GPs are likely to be missing large numbers of cases of diabetes in South Asian patients because tests fail to take into account ethnic differences, writes Eleanor Goodman.

Levels of fasting blood glucose that would be considered normal in white patients frequently indicate diabetes in South Asians, a study reveals.

The results suggest GPs need to be more willing to order glucose tolerance tests in South Asian patients in order to avoid missing a diagnosis.

Researchers found that conducting glucose tolerance tests on all white patients with a

fasting blood glucose above 6.1mmol/l detected diabetes with 100 per cent sensitivity.

But in South Asian patients, the threshold needed to be dropped to 5.6mmol/l to achieve the same sensitivity.

Dr Azhar Farooqi, an author of the study and a GP in Leicester, said South Asians with moderate fasting blood glucose were likely to be diabetic whereas white patients would not be.

'The main thing is you've got to be aware of this lower threshold – you can't just diagnose from fasting glucose. There'll

be workload issues there, because half of South Asians will require a glucose tolerance test.'

Dr Sagar Doshi, consultant cardiologist at Nuffield Hospital in Birmingham, said: 'We need to make our screening

programme more robust and standardise screening for diabetes in South Asians. The oral glucose test is the best test for detecting diabetes.'

But Farooqi said that it would not be possible to scrap the fasting glucose test. 'It's not feasible to do a two-hour test on the whole population.
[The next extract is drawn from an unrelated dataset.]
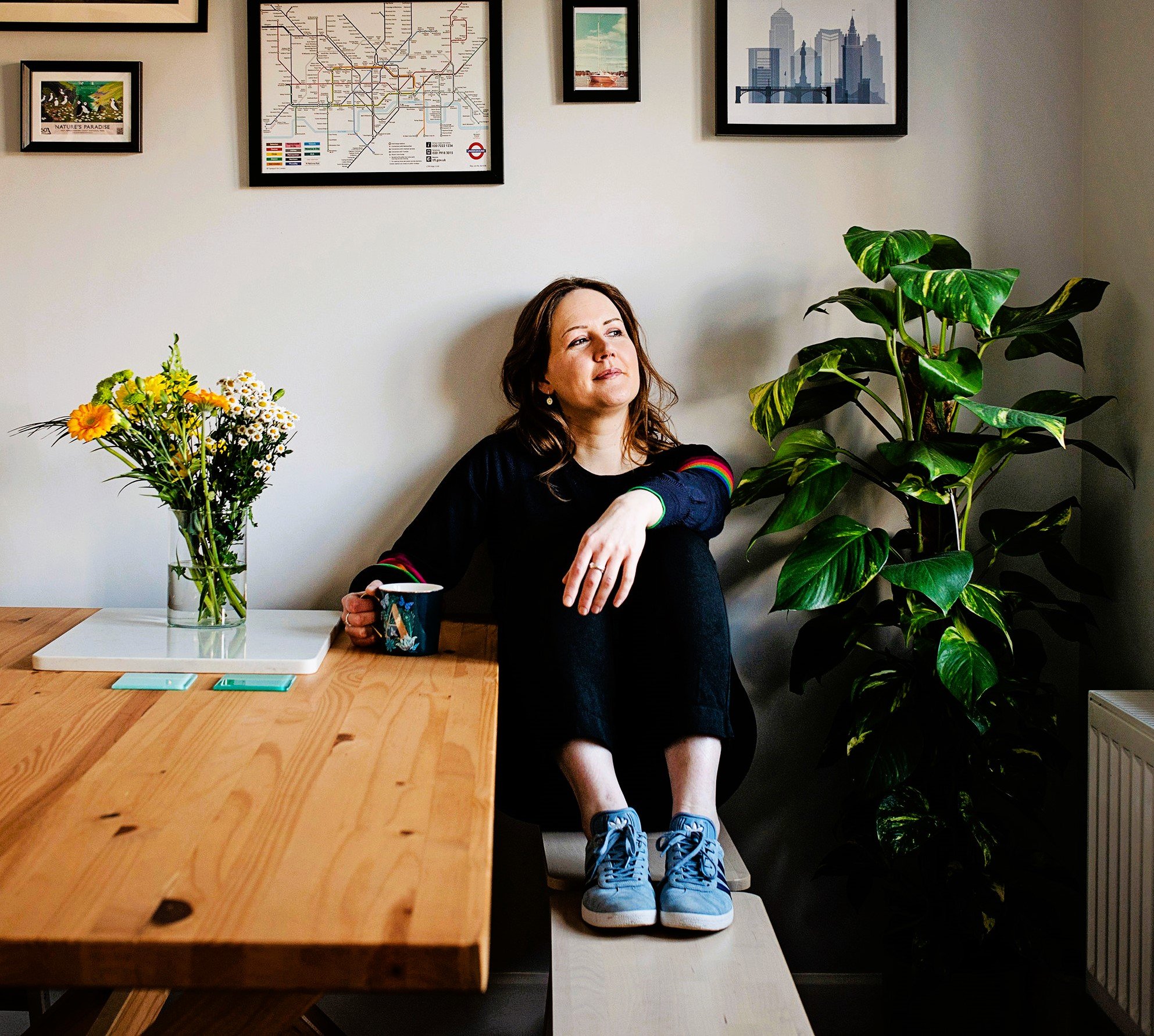 Image shows a women sitting at a table with her feet up on a bench. She is holding a mug and looking out of the window to her left. There are yellow flowers on the table and pictures on the wall behind her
The fasting one is your entry port to deciding who needs a glucose tolerance test and who doesn't.'

The study used fasting blood glucose and glucose tolerance screening tests on 1,971 at-risk patients of South Asian and white European origin living in Leicestershire, who had been identified as having at least one risk factor for diabetes.

Risk factors included known coronary heart disease, hypertension, cerebrovascular or peripheral vascular disease and a family history of diabetes.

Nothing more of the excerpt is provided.